でも今回は学生にメールを送っても返事はなく、携帯に連絡しても、誰も電話に出ないそうです。その中国人の先生の話によると、女性店員と一緒に日本人も連行された可能性が高いと言っていました。

私の学校周辺には多くの日本式カラオケ屋があるため、当校の主要顧客の中には、そこで働く女性店員や日本人客が含まれています。

当校の日本語学習者の傾向は下記三つに分類されます。

  1. 日本のアニメが好き
  2. 日本へ留学予定がある
  3. 日本人の彼氏がいる(日本式カラオケの従業員)

クラス全体における各項目の割合はほぼ均等で、それぞれ、30%くらいです。そのため、当校の学生の約30%は強制連行された可能性が高いです。風俗営業摘発とは言いつつも、対象となったお店は、女性が男性の隣に座ってお酒を飲むお店です。

ただ、中国のキャバクラでは、場所によってはその他業務を行っている所があるため取締りの対象となっているようです。以前でしたら、警察の取締りが実施されるときも、形式的な取締りだけであって、事前に取締りの日程が店に通知され、取締りの時だけ、店を閉店するという方法で営業を続けていたようです。

今回のような事前連絡なし、本格的、かつ大規模な取締りは国家主席が習近平になってからだそうです。ちょうど、一昨日、四中全会(中国共産党第18回中央委員会第4次全体会議)が終了したばかりです。

会議の中で、改めて、「法に依りて、国を治める」、「徹底的に司法改革を推し進める」といった方針を強調していました。昨日の取り締まりもこれら方針の一環で実施された可能性も否定できません。

習近平は就任以降、大々的な腐敗撲滅キャンペーンを実施しており、これまでに多くの官僚が失脚し、党籍剥奪、刑事責任を問われています。そして、驚くべきことにその対象は、元政治局常務員の周永康にまで及びました。中国に三権分立はなく、共産党の組織の支配下に公安、裁判所、検察所があるため、共産党の元トップクラスの者が、法に依って裁かれるということはこれまであり得ないことでした。

腐敗がなくなるのかどうか、その効果は別にして、中国ではこれらの流れのもとで、大きな変化が起きてきていることは確かです。
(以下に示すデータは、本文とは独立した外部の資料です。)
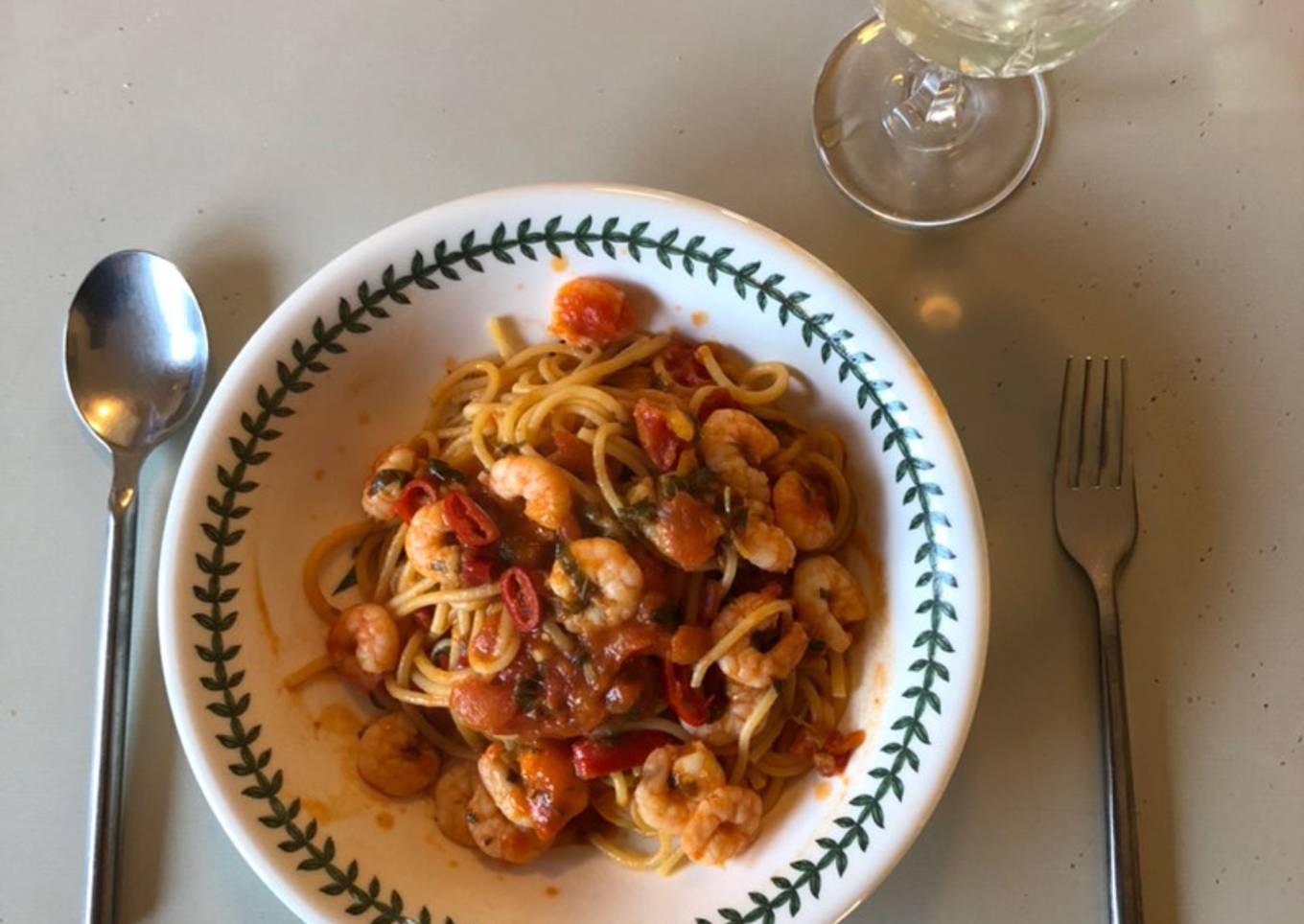 Rustic Spaghetti with Prawns & Chili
これら流れは中国の家庭教会にとっても、決して対岸の火事ではありません。

中国では憲法で宗教信仰の自由は保障されているとはいいつつも、中国には日本のように宗教法人法がなく、宗教の立法化がなされていないため、法に依って、正当な合法的権利を主張することは困難です。

政府は、依然として宗教事務条例や社会団体管理条例などの条例によって、管理重視の宗教政策を実施しています。政府は「正常な宗教活動」を保護する義務があるが、「どういった宗教活動が正常なのか」については非常に曖昧なままです。

家庭教会に関していえば、宗教の立法化なくして、法に依りて治めることは不可能です。不当な取締りがあった場合、教会側は憲法の条文だけで裁判で戦うことはできません。

「徹底的に司法改革を推し進める」ことによって、宗教の立法化がなされ、「法に依りて、国を治める」ことによって、条例ではなく、法律によって、中国のクリスチャンの合法的権利が守られることを願ってやみません。

おのが道を全くして、主のおきてに歩む人は幸いである。

カナンの地は今日も輝いています。